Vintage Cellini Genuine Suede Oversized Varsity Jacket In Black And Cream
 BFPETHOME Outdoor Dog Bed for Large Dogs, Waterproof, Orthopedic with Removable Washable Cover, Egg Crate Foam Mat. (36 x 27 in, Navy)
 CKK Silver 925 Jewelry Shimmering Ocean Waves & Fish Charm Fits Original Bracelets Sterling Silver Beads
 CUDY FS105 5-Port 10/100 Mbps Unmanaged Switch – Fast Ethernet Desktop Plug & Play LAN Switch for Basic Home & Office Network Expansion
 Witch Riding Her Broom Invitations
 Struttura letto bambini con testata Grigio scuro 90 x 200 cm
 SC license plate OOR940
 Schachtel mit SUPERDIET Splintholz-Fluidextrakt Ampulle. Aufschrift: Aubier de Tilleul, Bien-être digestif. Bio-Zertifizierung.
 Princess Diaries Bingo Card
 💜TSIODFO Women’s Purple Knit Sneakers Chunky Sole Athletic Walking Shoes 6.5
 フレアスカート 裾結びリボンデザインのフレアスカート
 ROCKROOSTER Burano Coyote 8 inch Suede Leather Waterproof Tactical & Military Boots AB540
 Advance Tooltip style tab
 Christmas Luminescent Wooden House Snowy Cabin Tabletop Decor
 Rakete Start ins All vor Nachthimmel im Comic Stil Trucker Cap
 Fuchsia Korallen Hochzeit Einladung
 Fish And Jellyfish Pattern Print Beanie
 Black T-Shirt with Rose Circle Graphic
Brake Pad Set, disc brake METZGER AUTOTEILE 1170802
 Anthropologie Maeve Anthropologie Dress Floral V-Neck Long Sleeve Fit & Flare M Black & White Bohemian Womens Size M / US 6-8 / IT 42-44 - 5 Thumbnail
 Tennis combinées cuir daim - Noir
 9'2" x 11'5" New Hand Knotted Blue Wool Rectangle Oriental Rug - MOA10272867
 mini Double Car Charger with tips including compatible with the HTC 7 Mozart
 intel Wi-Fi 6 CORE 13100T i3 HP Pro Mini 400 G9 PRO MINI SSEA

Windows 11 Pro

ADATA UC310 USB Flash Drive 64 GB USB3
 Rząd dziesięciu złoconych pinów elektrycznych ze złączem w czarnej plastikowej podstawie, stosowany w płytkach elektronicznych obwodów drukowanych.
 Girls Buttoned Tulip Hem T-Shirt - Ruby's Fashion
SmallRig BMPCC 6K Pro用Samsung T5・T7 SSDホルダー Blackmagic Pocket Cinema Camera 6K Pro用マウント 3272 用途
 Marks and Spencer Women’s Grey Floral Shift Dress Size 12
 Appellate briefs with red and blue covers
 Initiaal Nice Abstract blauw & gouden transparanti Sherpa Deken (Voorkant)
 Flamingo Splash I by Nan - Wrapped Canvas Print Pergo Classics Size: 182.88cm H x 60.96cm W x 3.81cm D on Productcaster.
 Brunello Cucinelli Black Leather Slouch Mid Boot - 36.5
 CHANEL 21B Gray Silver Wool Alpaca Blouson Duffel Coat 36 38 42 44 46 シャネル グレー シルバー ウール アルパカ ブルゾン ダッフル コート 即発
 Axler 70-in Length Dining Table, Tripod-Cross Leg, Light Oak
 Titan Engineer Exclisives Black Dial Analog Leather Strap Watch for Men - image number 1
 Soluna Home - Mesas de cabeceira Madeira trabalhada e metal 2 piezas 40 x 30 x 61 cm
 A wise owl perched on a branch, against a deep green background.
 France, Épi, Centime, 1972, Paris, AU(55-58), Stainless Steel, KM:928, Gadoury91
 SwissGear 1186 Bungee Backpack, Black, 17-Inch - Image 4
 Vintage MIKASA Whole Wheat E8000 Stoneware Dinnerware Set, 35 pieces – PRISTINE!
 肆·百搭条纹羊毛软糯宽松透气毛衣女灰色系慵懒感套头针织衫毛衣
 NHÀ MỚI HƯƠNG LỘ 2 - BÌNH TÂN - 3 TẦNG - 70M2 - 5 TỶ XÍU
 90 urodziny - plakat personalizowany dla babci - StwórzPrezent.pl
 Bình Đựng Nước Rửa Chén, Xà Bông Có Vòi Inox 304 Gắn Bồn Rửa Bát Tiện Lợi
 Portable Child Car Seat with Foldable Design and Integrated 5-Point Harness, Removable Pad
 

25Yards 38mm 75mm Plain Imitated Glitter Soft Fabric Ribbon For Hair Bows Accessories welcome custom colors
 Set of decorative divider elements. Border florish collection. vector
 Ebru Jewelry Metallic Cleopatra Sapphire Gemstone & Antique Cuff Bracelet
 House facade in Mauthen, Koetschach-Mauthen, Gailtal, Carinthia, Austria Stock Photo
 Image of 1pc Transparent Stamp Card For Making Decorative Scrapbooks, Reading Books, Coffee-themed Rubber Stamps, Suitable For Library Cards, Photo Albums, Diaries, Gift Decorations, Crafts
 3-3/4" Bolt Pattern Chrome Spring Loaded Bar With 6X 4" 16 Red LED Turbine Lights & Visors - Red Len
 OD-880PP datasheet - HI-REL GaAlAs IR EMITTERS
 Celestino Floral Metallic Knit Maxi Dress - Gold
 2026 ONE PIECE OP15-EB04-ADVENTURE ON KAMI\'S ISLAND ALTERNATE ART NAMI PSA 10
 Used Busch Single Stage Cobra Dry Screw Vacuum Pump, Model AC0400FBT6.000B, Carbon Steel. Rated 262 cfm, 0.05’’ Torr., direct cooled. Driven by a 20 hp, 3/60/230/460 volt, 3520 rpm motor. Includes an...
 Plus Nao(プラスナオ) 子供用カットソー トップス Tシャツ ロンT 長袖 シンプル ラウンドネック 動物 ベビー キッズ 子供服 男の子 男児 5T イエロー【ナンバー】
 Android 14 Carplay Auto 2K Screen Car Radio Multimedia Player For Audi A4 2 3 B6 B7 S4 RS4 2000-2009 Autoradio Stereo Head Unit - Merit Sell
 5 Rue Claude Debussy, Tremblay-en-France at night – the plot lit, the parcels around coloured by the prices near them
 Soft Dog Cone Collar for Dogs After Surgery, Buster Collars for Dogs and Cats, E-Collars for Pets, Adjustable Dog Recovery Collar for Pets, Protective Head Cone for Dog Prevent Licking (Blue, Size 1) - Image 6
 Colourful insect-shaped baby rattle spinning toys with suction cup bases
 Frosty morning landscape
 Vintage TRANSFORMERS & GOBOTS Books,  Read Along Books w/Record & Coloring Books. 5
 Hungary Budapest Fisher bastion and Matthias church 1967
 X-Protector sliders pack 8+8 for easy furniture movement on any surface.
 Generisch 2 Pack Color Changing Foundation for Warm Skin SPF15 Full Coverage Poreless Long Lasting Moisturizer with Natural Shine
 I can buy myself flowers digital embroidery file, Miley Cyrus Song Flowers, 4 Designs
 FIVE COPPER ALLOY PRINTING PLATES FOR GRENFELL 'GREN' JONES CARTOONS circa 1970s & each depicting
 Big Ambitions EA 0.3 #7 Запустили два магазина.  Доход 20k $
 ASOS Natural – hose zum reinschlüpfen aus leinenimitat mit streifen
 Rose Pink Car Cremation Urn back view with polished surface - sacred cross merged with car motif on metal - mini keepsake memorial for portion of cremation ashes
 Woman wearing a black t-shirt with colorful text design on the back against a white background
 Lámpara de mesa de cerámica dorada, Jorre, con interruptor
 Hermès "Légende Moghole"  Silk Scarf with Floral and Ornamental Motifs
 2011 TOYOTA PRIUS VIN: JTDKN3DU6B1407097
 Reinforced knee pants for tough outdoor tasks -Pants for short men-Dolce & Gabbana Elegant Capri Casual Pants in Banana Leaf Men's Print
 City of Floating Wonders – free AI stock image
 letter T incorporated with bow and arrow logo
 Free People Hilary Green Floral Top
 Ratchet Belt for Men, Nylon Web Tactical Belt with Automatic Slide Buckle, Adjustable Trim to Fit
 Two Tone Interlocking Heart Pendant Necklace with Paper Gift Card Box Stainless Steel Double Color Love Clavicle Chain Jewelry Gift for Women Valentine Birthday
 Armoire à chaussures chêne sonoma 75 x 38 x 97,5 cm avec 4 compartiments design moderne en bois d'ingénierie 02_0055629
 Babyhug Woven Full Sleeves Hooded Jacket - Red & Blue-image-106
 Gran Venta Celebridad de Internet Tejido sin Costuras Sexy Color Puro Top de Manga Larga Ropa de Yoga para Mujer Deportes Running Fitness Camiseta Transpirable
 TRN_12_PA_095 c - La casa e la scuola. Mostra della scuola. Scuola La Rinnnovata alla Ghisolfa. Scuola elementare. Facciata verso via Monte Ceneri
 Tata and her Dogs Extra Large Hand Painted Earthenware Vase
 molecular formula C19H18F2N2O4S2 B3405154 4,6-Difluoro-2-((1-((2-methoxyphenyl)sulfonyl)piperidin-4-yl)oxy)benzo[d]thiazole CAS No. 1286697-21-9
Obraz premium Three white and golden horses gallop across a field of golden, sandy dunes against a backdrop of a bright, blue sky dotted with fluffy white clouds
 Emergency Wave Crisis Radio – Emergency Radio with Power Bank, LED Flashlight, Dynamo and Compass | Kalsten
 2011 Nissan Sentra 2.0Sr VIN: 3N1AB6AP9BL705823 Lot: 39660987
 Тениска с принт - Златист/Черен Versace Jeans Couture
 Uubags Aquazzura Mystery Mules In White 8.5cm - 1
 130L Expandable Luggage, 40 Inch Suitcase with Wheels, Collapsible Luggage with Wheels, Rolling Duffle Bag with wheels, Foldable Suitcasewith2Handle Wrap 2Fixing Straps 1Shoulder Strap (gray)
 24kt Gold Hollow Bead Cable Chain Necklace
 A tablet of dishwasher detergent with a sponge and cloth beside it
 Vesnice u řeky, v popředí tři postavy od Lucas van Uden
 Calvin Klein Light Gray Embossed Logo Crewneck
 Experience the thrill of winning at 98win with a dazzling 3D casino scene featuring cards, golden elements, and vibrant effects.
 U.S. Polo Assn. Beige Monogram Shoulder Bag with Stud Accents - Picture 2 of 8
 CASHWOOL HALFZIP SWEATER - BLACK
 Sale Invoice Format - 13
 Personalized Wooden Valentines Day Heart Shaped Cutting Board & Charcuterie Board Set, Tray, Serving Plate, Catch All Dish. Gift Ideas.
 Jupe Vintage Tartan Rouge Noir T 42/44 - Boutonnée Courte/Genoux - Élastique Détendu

*WHAT YOU HAVE TO DO*: Out of the data above, give again only the lines starting at the one holding "Fish And Jellyfish Pattern Print Beanie" and ending at the one holding "Rug - MOA10272867", unchanged.

*RESULT OF THE EXERCISE*:
 Fish And Jellyfish Pattern Print Beanie
 Black T-Shirt with Rose Circle Graphic
Brake Pad Set, disc brake METZGER AUTOTEILE 1170802
 Anthropologie Maeve Anthropologie Dress Floral V-Neck Long Sleeve Fit & Flare M Black & White Bohemian Womens Size M / US 6-8 / IT 42-44 - 5 Thumbnail
 Tennis combinées cuir daim - Noir
 9'2" x 11'5" New Hand Knotted Blue Wool Rectangle Oriental Rug - MOA10272867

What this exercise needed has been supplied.